Malcolm rose to his feet. For a moment he seemed to fill the room. “There's only one way,” he said. “She told me when I tried to persuade her to speak out early on that I cared more for my reputation than I did for her. I'll have to prove she's wrong.”
“You'll be an outlaw!” I said.
“So be it.”
Not for the first but perhaps for the last time I had to face the bitter truth that Malcolm loved Clara more than he loved me. I could have used Hugh against him—and the child that was swelling in my belly. I was now at least eight months pregnant. But I also faced the melancholy truth that I loved Clara too and was ready to sacrifice everything I had struggled to build here in New York—my store, my business reputation, my dream of establishing the Stapletons as one of the city's first families.
“Tell Duycinck to have a boat at the foot of Nassau Street at eleven o'clock with my gun and fifty rounds of powder and ball,” Malcolm said.
“Give me half of all the cash you've got. We'll go up the Hudson until dawn and then strike out across country for the Delaware. We'll go up that to the Susquehanna. Will the Senecas take her back?”
“Yes. If her grandmother is alive, without question. I think they'll take her anyway. But what will you do?”
“I don't know.”
“I don't think I can bear never seeing you again!”
Malcolm kissed me with surprising tenderness. “I'll value those words, no matter what happens,” he said.

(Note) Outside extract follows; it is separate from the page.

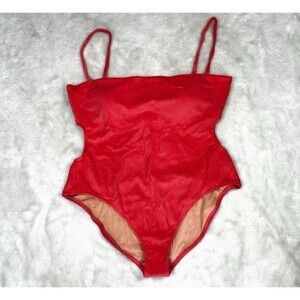 J Crew Cut Out Bandeau One Piece Swimsuit in Terry Coral Size 22 -BK548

He slid a pistol under his coat. He put a smaller one in his boot. “You better be prepared to go to New Jersey as soon as possible,” he said. “I don't think you'll be any more popular than I'll be.”
“I'll survive. They won't abuse a pregnant woman,” I said.
“I'm not so sure,” Malcolm said. He kissed me hard and vanished into the night.
I sent Peter for Duycinck. When I told him what Malcolm had in mind, his eyes bulged with terror. “We'll all get hanged,” he said.
“Perhaps. But we owe Clara the risk. You as much as anyone. Perhaps more.”
That shut him up. He took Malcolm's gun apart and put it into a sack with the powder and balls. Finding a boat along the river would be no problem. There were plenty of them tied up at the piers, often with their oars in the thwarts. But to be on the safe side, Adam thought it might be a good idea if he headed for New Jersey afterward.
“You know I'm no hero,” he said.
“You'll do until one comes along,” I said and kissed him on his balding head.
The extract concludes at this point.